Given the hierarchical nature of the data, I use a multilevel modeling design9 in which couple-period observations are nested within individual householders and householders are nested within metropolitan areas.10 For the first part of my analysis, I estimate three-level random-intercepts linear regression models predicting the entropy score in the neighborhood of residence at time t as a function of individual and metropolitan characteristics. My central focus in these models is the pattern of neighborhood diversity experienced by various types of mixed-race couples relative to that experienced by monoracial white and black couples.

In the second set of models, I estimate three-level random-intercepts logistic regression models predicting the log-odds of neighborhood out-migration as a function of individual, tract, and metropolitan characteristics. In these models, out-migration is allowed to vary across respondents and metropolitan areas. My primary interest in these models is in the differential effect of neighborhood diversity (entropy) across various types of mixed- and monoracial couples.

In the final stage of my analysis, I predict the racial diversity (entropy) of movers’ destination neighborhoods as a function of individual, tract, and metropolitan characteristics, using three-level random-intercepts linear regression models. Similar to my first set of analyses, my central interest lies in differential destinations across couple-groups. Because models in the final stage of the analysis are based only on inter-tract movers, I include a Heckman correction (inverse Mills ratio) for the selection of householders into the mover category. In my application of the Heckman procedure, the “selection” equation includes all the regressors in the out-mobility models (Heckman 1979), whereas the “substantive” equation (predicting tract diversity) omits those variables assumed to affect the decision to move but not the characteristics of destinations.

Results

Table 1 shows that couple-groups differ dramatically in terms of a number of factors that might affect exposure to neighborhood diversity. For example, mixed-race couples that include a white partner have higher average income than do couples with a black partner. Black-white couples, however, have the highest average income out of couples with black partners. Black-black and mixed-race couples without a white partner, on average, have less education than do white-white couples and their mixed-race counterparts with a white member. Among couples with at least one white member, household heads in black-white couples have the lowest average education. Moreover, all mixed-race couples have lower average levels of homeownership than white-white couples; mixed-race couples with a black partner typically have lower homeownership rates compared with those mixed couples with a nonblack member. When it comes to exposure to metropolitan diversity, all types of mixed-race couples and black-black couples tend to live in metropolitan areas that have higher diversity than those occupied by white-white couples—a factor that likely increases their opportunities to choose diverse neighborhoods.
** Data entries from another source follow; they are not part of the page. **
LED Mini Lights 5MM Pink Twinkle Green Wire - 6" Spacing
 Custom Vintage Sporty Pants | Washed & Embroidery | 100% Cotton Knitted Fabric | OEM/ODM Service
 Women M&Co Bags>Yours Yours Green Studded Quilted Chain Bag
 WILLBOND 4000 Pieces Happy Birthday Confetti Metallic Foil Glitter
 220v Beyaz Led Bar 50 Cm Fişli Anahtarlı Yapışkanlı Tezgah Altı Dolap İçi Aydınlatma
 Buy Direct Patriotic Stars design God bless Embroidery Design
To convey group differences in exposure to, and types of, neighborhood diversity, Fig. 1 provides means and standard deviations for neighborhood entropy and average neighborhood racial composition for mixed-race and monoracial couples in my sample across all observation periods. Consistent with past research using aggregate data, the table in Fig. 1 reveals a high level of neighborhood diversity at time t for mixed-race couples compared with monoracial couples. For instance, the mean entropy score is higher for each of the mixed-race couple-groups—except for white-other couples (0.601)—than for the average black-black couple (0.603) and especially the average white-white couple (0.407). Among mixed-race couples, however, experiences of neighborhood diversity vary considerably. Most notably, mixed-race couples with black partners have the highest mean entropy scores, with black-Latino couples living in the most diverse neighborhoods (0.754). In contrast, with the exception of black-white couples, couples containing one white partner tend to live in places that are less diverse than are those occupied by other mixed-race couples, although still more diverse than the average neighborhood occupied by white-white couples.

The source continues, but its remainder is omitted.